# Climbing Skin Question



## paulie (Mar 18, 2007)

the 120's will be just fine, 130's would be overkill, granted they would give you wall to wall coverage throughout, but with such a huge surface area to begin with, you will probably never be slipping back on the 10mm of base exposed at the shovel. Also, when trimming them, use the tool included angle it at 45 degrees and foollow the edge of the ski with the tool, the edge will dull the tool, but you will get a perfect cut that exposes just your edge, just make sure to do it in one smooth motion or your skin egde will come out jagged. PM me if you need help.

paul


----------



## teleboater5.13 (Sep 29, 2005)

Paulie said it about perfect. you want skins to cover as much surface area of the ski that you can, but 10mm at the tip will not be a big deal. The most important area is under your foot where you will be applying pressure. 

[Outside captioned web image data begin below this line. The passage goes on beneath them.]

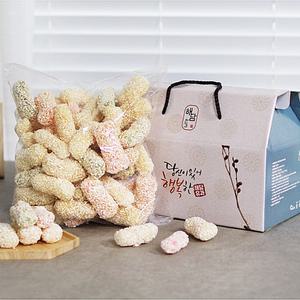 한과 선물세트 500g 국산 찹쌀 유과 전통한과 명절 선물 설 추석 답례품 사은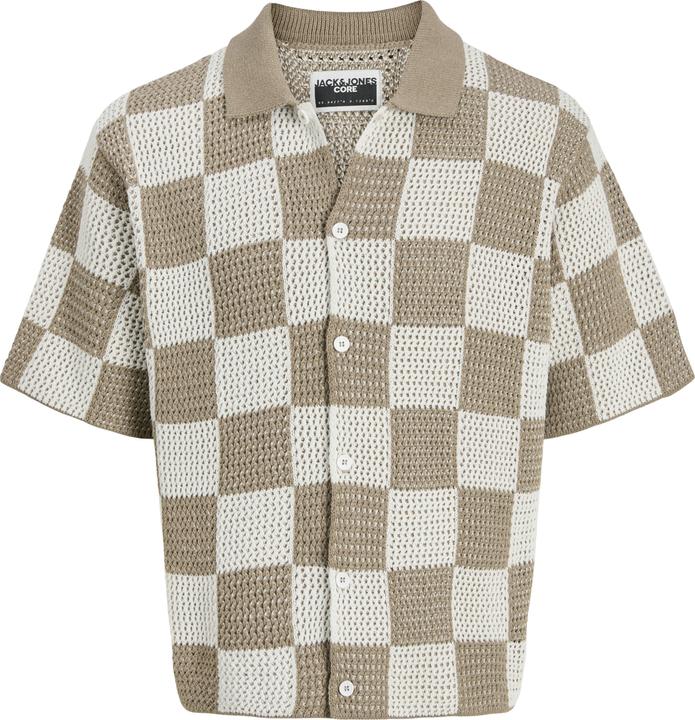 Produktbild Jack & Jones Jcoathletico Knit Crochet Polo Styd Ss25 (XXL)
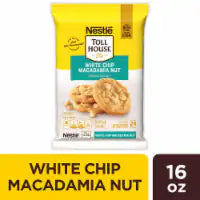 Nestle Toll House White Chip Macadamia Nut Cookie Dough Pack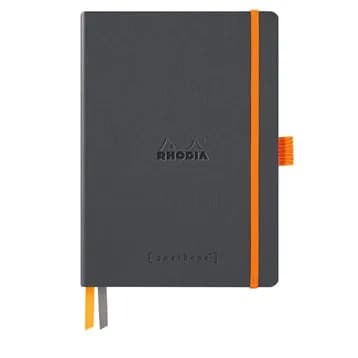 Rhodia Goalbook soft titanium A5 dot ivory – RHODIA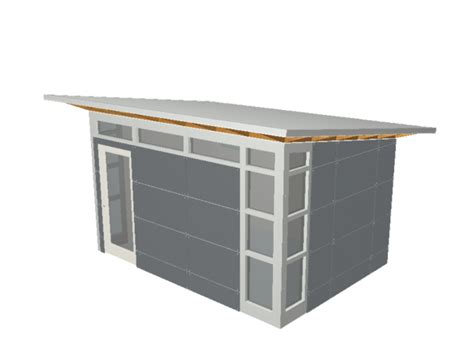 Design And Build Your Own Modern Backyard Shed Or Studio 3d Prefab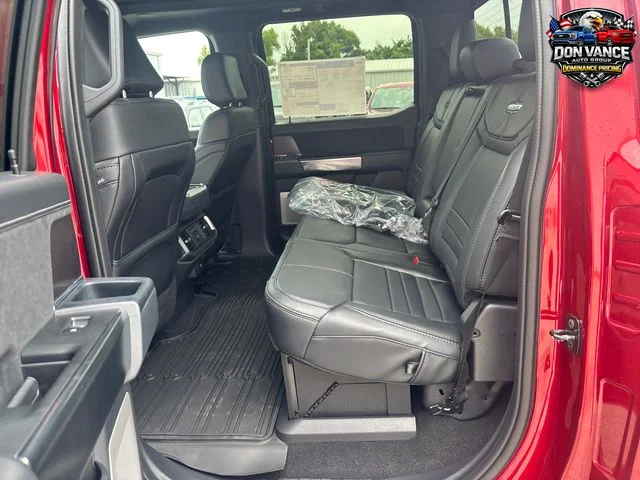 New 2026 Ruby Red Metallic Tinted Clearcoat Ford Platinum® image 25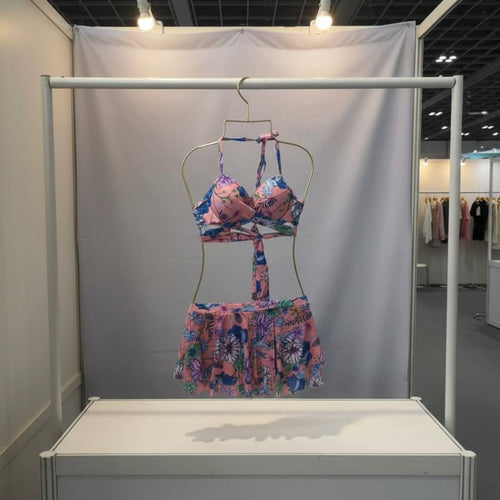 Swimsuit Display Hanger Lightweight Bikini Display Form Figure Form Hanger Rust-Resistant Single-Piece Design for Boutique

Trimming skins is not difficult but can be extremely frustrating if done incorrectly. Just remember to start big and trim down...it is a lot easier to take off a little bit on each end than add a little bit if you cut them too small. Have fun and take your time.


----------



## Jay H (May 20, 2005)

Thanks guys, I really appreciate it!

here's to hittin' the slopes and making some sweet turns!

Jay


----------



## Dave Frank (Oct 14, 2003)

Jay, I've only done one set. They came out fine, but it would be really easy to F them up.

Be sure you have an open CLEAN work area. Dust, dirt and hair would ruin them.

I used the 4 cut method. Might be excessive, but it worked great. put them in the middle and trim the both sides to match the ski. Then move it so it hangs over a full edge width and trim it again. This will leave the edge exposed when back in place. Then move it to the other side and repeat.

Keep a vacuum right there and suck up all the trimmings before you unstick the skin to adjust it. That stuff is nasty like fiberglass, and you don't want it on the glue, or in your clothes.


----------



## paulie (Mar 18, 2007)

What dave said is definitely true, do not drop them at all, you glue will be screwed and you will have a $180 pair of worthless nylon. That being said, after trimming way to many pairs of skins to count, the angle method is tried and true. Moving the skin once you get it set on the shovel and locking in on the tail is not what you want to do. Use the little letter opener thingy and your skins will glide like k-y. like I said if you need help or have ?'s give me a shout, i'd like to humbly consider myself a skin trimming pro ( afterall getting paid to do it makes you a pro right)


----------